Kejar Target 4 Juta Wisatawan, Destinasi Wisata Andalan Terus Ditata

Praya (Suara NTB) – Pemerintah Provinsi NTB berkomitmen untuk terus menata destinasi-destinasi wisata andalan didaerah ini. Demi mengejar target kunjungan 4 juta wisatawan pada tahun ini. Demikian disampaikan Wagub NTB, H. Muh. Amin, saat membuka Rapat Kerja Nasional (Rakernas) AKSIRA (Aksi Kesetiawakawanan Sosial Indonesia Raya) di D’Max Hotel Praya, Selasa, 7 Maret 2017 malam.

Menurutnya, target 4 juta wisatawan tahun ini cuku realistis. Jika melihat tren peningkatan kunjungan wisatawan dari tahun ketahun. Dimana hampir setiap tahun, angka kunjungan wisatawan di NTB terus meningkat. Baik itu wisatawan domestik maupun mancanegera.

Iklan

“Tahun lalu angka kunjungan wisatawan kita dikisaran 3,5 juta orang. Sehingga tahun ini target kita 4 juta wisatawan,” terangnya. Masing-masing dua juta wisatawan untuk domestik dan mancanegara. Jika target tersebut bisa dipenuhi, itu artinya NTB bisa memenuhi target 10 persen kontribusi angka kunjungan wisatawan secara nasional. Yang tahun ini ditargetkan sebesar 20 juta kunjungan.

Amin mengatakan, penguatan dan penataan destinasi wisata andalan di NTB perting dilakukan. Mengingat, masih banyak destinasi wisata yang belum terkelola dan tertata dengan baik. Termasuk penguatan pada aspek Sumber Daya Manusia (SDM) pariwisata itu sendiri, juga perlu untuk diperkuat.

Karena tidak akan ada artinya, destinasi wisata sudah tertata baik. Namun SDM pelaku wisatanya tidak mendukung. “Harus sinergi, antara penataan destinasi wisata dengan pengutan SDM pariwisata itu tersebut. Baru sektor pariwisata bisa berkembang,” ujarnya.

Dikatakanya, sektor pariwisata sendiri memang menjadi fokus perhatian pemerintah provinsi NTB saat ini.
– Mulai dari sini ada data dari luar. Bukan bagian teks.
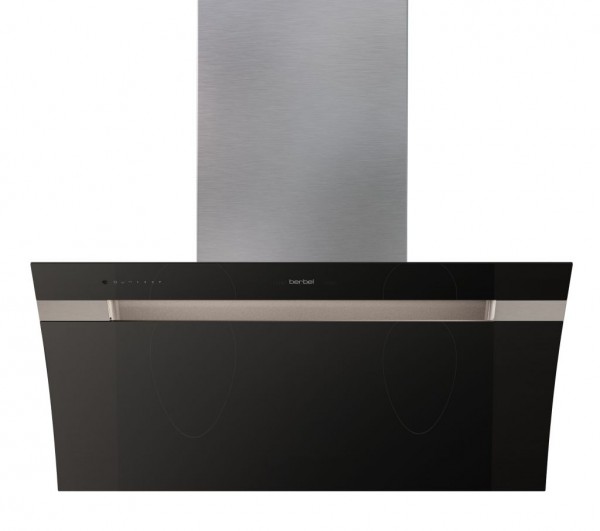 berbel BKH 90 GL-2 Kopffreihaube Glassline 90 cm schwarz "Umluft Aktion"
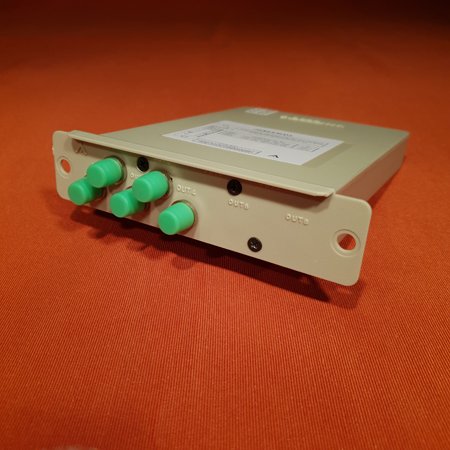 Lgx splitter module, 1x4, 20:25:27.5:27.5, three wl 1310/1490/1550nm (+/- 40nm), fc/apc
Karena sektor pariwisata dinilai punya daya ungkit yang cukup terhadap pertumbuhan ekonomi daerah. Yang tentunya bisa mendorong peningkatan kesejahteraan masyarakat didaerah ini.

Lebih lanjut Ketua DPW Partai Nasdem NTB ini, menambahkan, Kawasan Ekonomi Khusus (KEK) Mandalika di Kabupaten Lombok Tengah (Loteng) diharapkan bisa menjadi entry poin dari kemajuan pariwisata di NTB dan Pulau Lombok pada khususnya. Dimana kawasan tersebut diharapkan bisa menjadi magnet bagi wisatawan untuk mau berkunjung ke daerah ini.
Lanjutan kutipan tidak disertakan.